For let we add all eqations:

$\frac{2}{\sqrt 2}\cdot(d_1+d_2+d_3)=9;$

From it we have $d_1+d_2+d_3=\frac{9\cdot \sqrt 2}{2}$

First equation from the system can be written as $d_1+d_2=\frac{8\cdot \sqrt 2}{2}$

Forming difference of two kast equation we have $d_3=\frac{\sqrt 2}{2}$ ;

Analogically we do next

$d_2+d_3=\frac{6\cdot \sqrt 2}{2}$ and $d_1=\frac{3\cdot \sqrt 2}{2}$ .

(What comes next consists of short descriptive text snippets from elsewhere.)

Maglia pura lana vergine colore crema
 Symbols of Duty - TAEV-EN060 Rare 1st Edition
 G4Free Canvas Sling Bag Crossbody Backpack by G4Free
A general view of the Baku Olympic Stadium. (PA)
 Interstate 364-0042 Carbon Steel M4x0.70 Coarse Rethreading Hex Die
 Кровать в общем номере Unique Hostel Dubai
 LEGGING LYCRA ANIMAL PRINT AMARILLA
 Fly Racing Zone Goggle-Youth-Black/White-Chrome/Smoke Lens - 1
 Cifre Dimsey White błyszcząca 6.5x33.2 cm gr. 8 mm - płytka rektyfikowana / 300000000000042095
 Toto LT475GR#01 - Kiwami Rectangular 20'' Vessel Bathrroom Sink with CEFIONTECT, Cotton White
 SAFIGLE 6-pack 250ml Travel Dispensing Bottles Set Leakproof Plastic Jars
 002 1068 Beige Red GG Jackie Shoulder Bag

$d_1+d_3=\frac{4\cdot \sqrt 2}{2}$ , $d_2=\frac{5\cdot \sqrt 2}{2}$ .

As a consequence we have

$\frac{\partial f}{\partial (3i+3j+3k)}(1,1,2)=\frac{\partial f}{\partial (i+j+k)}(1,1,2)= \frac{d_1+d_2+d_3}{\sqrt{3}}=\frac{\frac{9\cdot \sqrt 2}{2}}{\sqrt 3}=\frac{3\cdot \sqrt 6}{2}$

thus a) is done.

b) Gradient $\nabla f(1,1,2)=\begin{pmatrix} \frac{3\cdot \sqrt 2}{2} \\ \frac{5\cdot \sqrt 2}{2} \\ \frac{\sqrt 2}{2} \end{pmatrix}$

c) Function f in point (1,1,2) increase most rapidly in direction of $\nabla f(1,1,2)$ or along vector (3,5,1), correspondingly it decreases most rapidly in inverse direction or along vector (-3,-5,-1).